USDCHF Following its sharp recovery from 0.9260-50 support area leading to strength back above 200-day SMA, the pair now seems to have entered
USDCHF
Following its sharp recovery from 0.9260-50 support area leading to strength back above 200-day SMA, the pair now seems to have entered consolidation phase as depicted by formation of a Rectangle on 1-hourly chart. The trading range resistance, near 0.9660-80 zone, also coincides with 23.6% Fib. retracement level of its Jan. 15 lows to March highs upswing. A sustained trade above 0.9660-80 resistance area, marking a clear break through from the Rectangular formation, now seems to pave way for continuing the pair’s near-term up-move initially towards 0.9800 mark horizontal resistance before aiming towards its next major resistance near 0.9850 level. The 0.9850 resistance represents a descending trend-line extending from Jan. high through highs tested in March and in August. On the downside, the lower end of the trading range, near 0.9570-60 area, seems to continue providing immediate support for the pair. Failure to hold the trading range support and a subsequent drop back below 200-day SMA support, currently near 0.9540-35 level, seems to drag the pair towards testing 38.2% Fib. retracement level support near 0.9360-50 region. This is closely followed by a strong support marked by short-term ascending trend-line support, near 0.9300-0.9280 area.
EURCHF
Even as the pair has managed to climb back above 200-day SMA, it continues facing resistance near 1.0900 mark, representing 61.8% Fib. expansion level of its up-move from Jan. low to Feb. high. The 1.0900 resistance area also coincides with 50% Fib. retracement level of the pair’s big fall witness on Jan. 15. Should the pair manage to conquer this immediate resistance it is likely to extend it near-term upward trajectory towards 61.8% Fib. retracement level resistance near 1.1130 level. Alternatively, reversal from 1.0900 resistance and a subsequent weakness back below 200-day SMA, currently near 1.0770 region, is likely to infuse additional near-term weakness initially towards an intermediate horizontal support near 1.0670 level and eventually towards 38.2% Fib. retracement level support near 1.0590 area.Considering that the pair has moved above 200-day SMA for the first time since Jan. and with RSI reading above 50 suggests higher possibilities of resumption of the prior recovery trend. However, a decisive break back below 200-day SMA might negate the near-term bullish expectations.
GBPCHF
After nearly recovering its heavy losses recorded on Jan. 15, the pair started sliding back but has managed to hold an important support confluence near 1.4640-20 area, comprising of 200-day SMA and 50% Fib. retracement level of May to August upswing. Should the pair continue holding above this important support confluence and move back above 38.2% Fib. retracement level resistance near 1.4800 mark, it seems more likely to move back towards testing 50-day SMA intermediate resistance, currently near 1.4920 level.

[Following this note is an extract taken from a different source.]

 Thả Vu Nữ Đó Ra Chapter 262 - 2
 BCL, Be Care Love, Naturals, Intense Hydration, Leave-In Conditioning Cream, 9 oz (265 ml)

Strength above 50-day SMA is likely to be followed by an up-move back towards 1.5000 psychological mark resistance, also coinciding with 23.6% Fib. retracement level. However, should the pair fail to register any meaningful bounce from 1.4640-20 support confluence and starts weakening below 1.4600 mark, it is likely to accelerate its fall immediately towards 1.4520 intermediate support. The fall could further get extended towards 61.8% Fib. retracement level support near 1.4420-1.4400 round figure mark.
CHFJPY
Failure to hold an important support near 125.40-20 area, coinciding with 61.8% Fib. retracement level support of its up-move from March lows to high tested in June, now seems to have opened room for continuing the near-term depreciating move. Moreover, on daily chart the pair clearly seems to be trending down as depicted by formation of a descending trend-channel. Hence, a follow-up selling pressure below 124.00 round figure mark seems to continue dragging the pair lower towards testing its next major support near 122.20-122.00 zone, also marking the lower trend-line support of the descending channel. Any bounce from current levels, now seems to face immediate strong resistance at an important support break point near 125.00-125.20 area. Any follow-up strength above 125.00 mark now seems to be capped at the very important 200-day SMA resistance, currently near 126.50-60 region, also nearing the upper trend-line resistance of the channel.